My experience is that INTPs are more likely to be stuck in their heads. They theorize more about problems - including touchy/feely ones - than what ISTPs do. Even when we're bad, our worries tend to result in action of some kind, sooner or later. 
This, I think, is the background for INTPs tendency to be more mushy or even pathetic when in a strong grip by Fe: they often have the notion that if they can't think their way out of a problem, it's not worth solving (but might be worth a bit of self-pity, if they're really stuck in their heads), while the entire basis for ISTP problem solving is action, evaluation and course correction.


----------



## LiquidLight (Oct 14, 2011)

Egh I think you are splitting hairs here. Inferior Fe is basically inferior Fe. This would sort of be like saying ESTPs and ESFPs have different Ni. Or that ENFPs and ENTPs have different Ne. The function is the function. Whether or not a person leans more toward sentimentality or idealism or less worry or whatever isn't really related directly to the function (or really any function) in that direct of a way. It's likely there would be some sort of psychological complex going on in a given individual that might manifest these things, but to say its endemic to how they think I think goes too far. There's a reason why Quenk and others who have written about the inferior function did not break it out into 16 different types as it would be really unnecessary.


----------



## Muser (Jul 17, 2011)

LiquidLight said:


> Egh I think you are splitting hairs here. Inferior Fe is basically inferior Fe. This would sort of be like saying ESTPs and ESFPs have different Ni. Or that ENFPs and ENTPs have different Ne. The function is the function. Whether or not a person leans more toward sentimentality or idealism or less worry or whatever isn't really related directly to the function (or really any function) in that direct of a way. It's likely there would be some sort of psychological complex going on in a given individual that might manifest these things, but to say its endemic to how they think I think goes too far. There's a reason why Quenk and others who have written about the inferior function did not break it out into 16 different types as it would be really unnecessary.


I don't think the OP is claiming that there are various types of Inferior Fe. She's talking about how (if I comprehend correctly) the other functions (INTP's Ti, Ne and Si and ISTP's Ti Se Ni) influence the manifestation of the inferior.


----------



## LiquidLight (Oct 14, 2011)

Muser said:


> I don't think the OP is claiming that there are various types of Inferior Fe. She's talking about how (if I comprehend correctly) the other functions (INTP's Ti, Ne and Si and ISTP's Ti Se Ni) influence the manifestation of the inferior.


 But they wouldn't influence the inferior that's the point. The inferior is the least conscious function, meaning it sort of goes its own way from the other three functions. Lenore Thomson likens it to a crewmember that mutinies and gets thrown off the ship. One of the reasons the inferior function is such a troublemaking (or breakthrough) function is because of its irrelatedness to the other three. 

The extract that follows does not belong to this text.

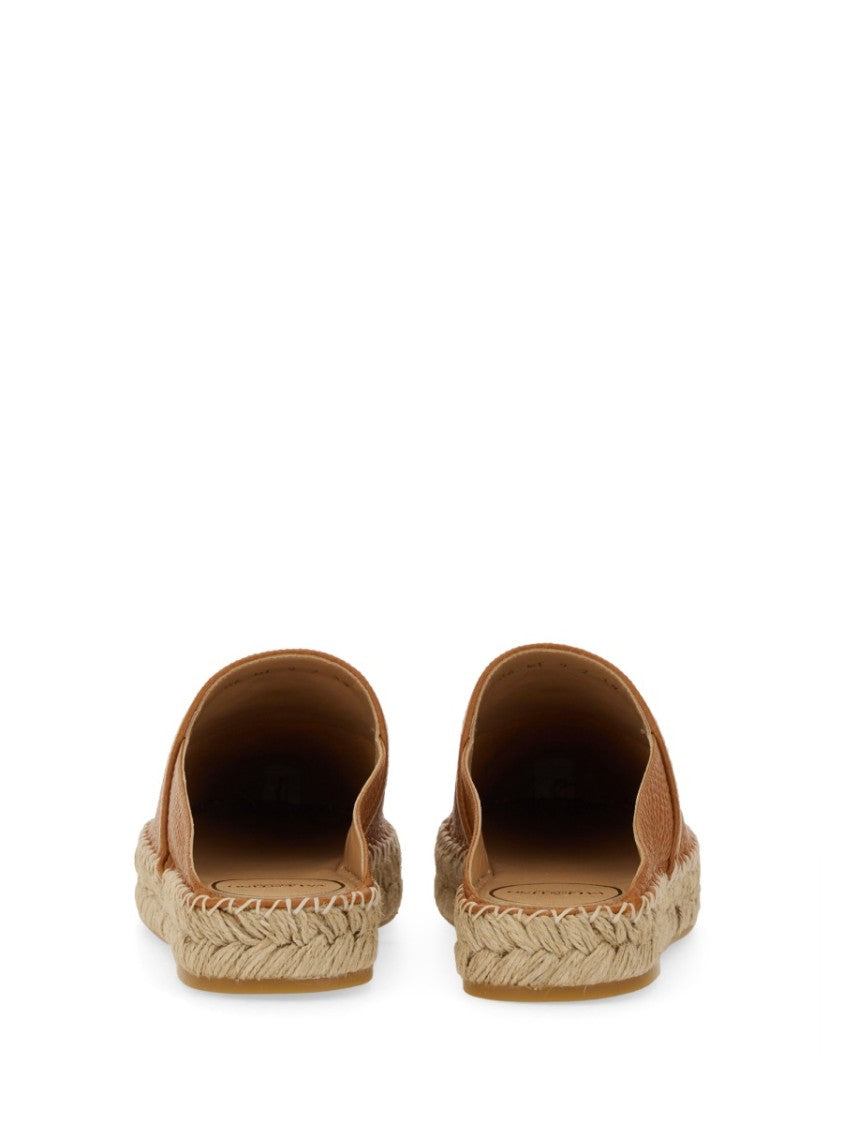 Valentino Garavani Brown Calf Leather Mules With Signature Logo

In some ways the inferior function carries the expression of the unconscious personality, the side of a person the person is not really aware of and is likely to be projective of. It is not the tag-along to the other three functions.


----------



## Ellis Bell (Mar 16, 2012)

Well yes, inferior Fe on its own is the same for all types. But since cognitive functions don't work in a vacuum and are influenced by other functions, they can appear differently in various types, eg in ISTPs, mixed with Ni it could lead to paranoia about other people's motives (in an extreme case; I don't know, that was the best I could come up with off the top of my head). ISTPs tend also to be more utilitarian and to-the-point in their connections with other people; whereas, because INTP has Ne influencing them, they can ramble on at length about a subject if their Fe doesn't step in to help them realize that the person they're talking to isn't interested in what they're saying. I'm not sure if I'm explaining myself clearly, though.


----------



## Sixty Nein (Feb 13, 2011)

Don't worry Katshu. You hit the mark right in the head.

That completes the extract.